#### [Recorded data]
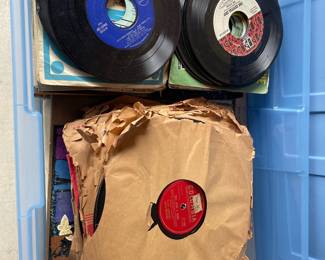 Large Lot Of 45s & Vin Records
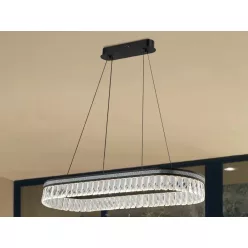   Kristály függesztett csillár THALIA, 50W, 2800 lm, 3000K-6000K, matt fekete, 800x1250 mm - N2108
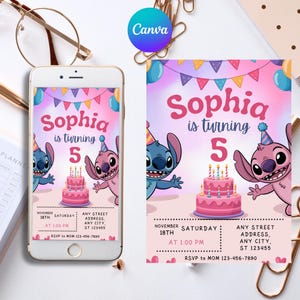 Stitch and Angel Birthday Invitation: Editable & Printable Template – Beautiful Invitation for Your Little One's Birthday, Editable in Canva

#### [Task directions]
Pictures are to be left out; all other data must be returned exactly.

#### [Exercise answer]
 Large Lot Of 45s & Vin Records
   Kristály függesztett csillár THALIA, 50W, 2800 lm, 3000K-6000K, matt fekete, 800x1250 mm - N2108
 Stitch and Angel Birthday Invitation: Editable & Printable Template – Beautiful Invitation for Your Little One's Birthday, Editable in Canva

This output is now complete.